__WHAT YOU SHOULD DO__: Please return the material exactly; leave no entry out.

__SUPPLIED MATERIAL__:
::::

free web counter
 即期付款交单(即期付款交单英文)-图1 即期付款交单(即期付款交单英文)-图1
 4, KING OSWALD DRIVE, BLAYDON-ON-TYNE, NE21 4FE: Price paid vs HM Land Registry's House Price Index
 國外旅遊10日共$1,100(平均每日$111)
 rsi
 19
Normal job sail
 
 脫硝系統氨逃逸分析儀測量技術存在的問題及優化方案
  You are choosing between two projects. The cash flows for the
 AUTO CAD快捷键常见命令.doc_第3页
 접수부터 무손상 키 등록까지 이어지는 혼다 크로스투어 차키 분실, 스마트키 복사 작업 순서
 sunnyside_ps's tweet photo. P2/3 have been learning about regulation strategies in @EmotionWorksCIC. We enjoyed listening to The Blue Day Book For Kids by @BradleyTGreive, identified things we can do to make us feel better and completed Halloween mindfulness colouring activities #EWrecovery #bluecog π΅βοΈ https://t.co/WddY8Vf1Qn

::::

__FINAL ANSWER__:
free web counter
 即期付款交单(即期付款交单英文)-图1 即期付款交单(即期付款交单英文)-图1
 4, KING OSWALD DRIVE, BLAYDON-ON-TYNE, NE21 4FE: Price paid vs HM Land Registry's House Price Index
 國外旅遊10日共$1,100(平均每日$111)
 rsi
 19
Normal job sail
 
 脫硝系統氨逃逸分析儀測量技術存在的問題及優化方案
  You are choosing between two projects. The cash flows for the
 AUTO CAD快捷键常见命令.doc_第3页
 접수부터 무손상 키 등록까지 이어지는 혼다 크로스투어 차키 분실, 스마트키 복사 작업 순서
 sunnyside_ps's tweet photo. P2/3 have been learning about regulation strategies in @EmotionWorksCIC. We enjoyed listening to The Blue Day Book For Kids by @BradleyTGreive, identified things we can do to make us feel better and completed Halloween mindfulness colouring activities #EWrecovery #bluecog π΅βοΈ https://t.co/WddY8Vf1Qn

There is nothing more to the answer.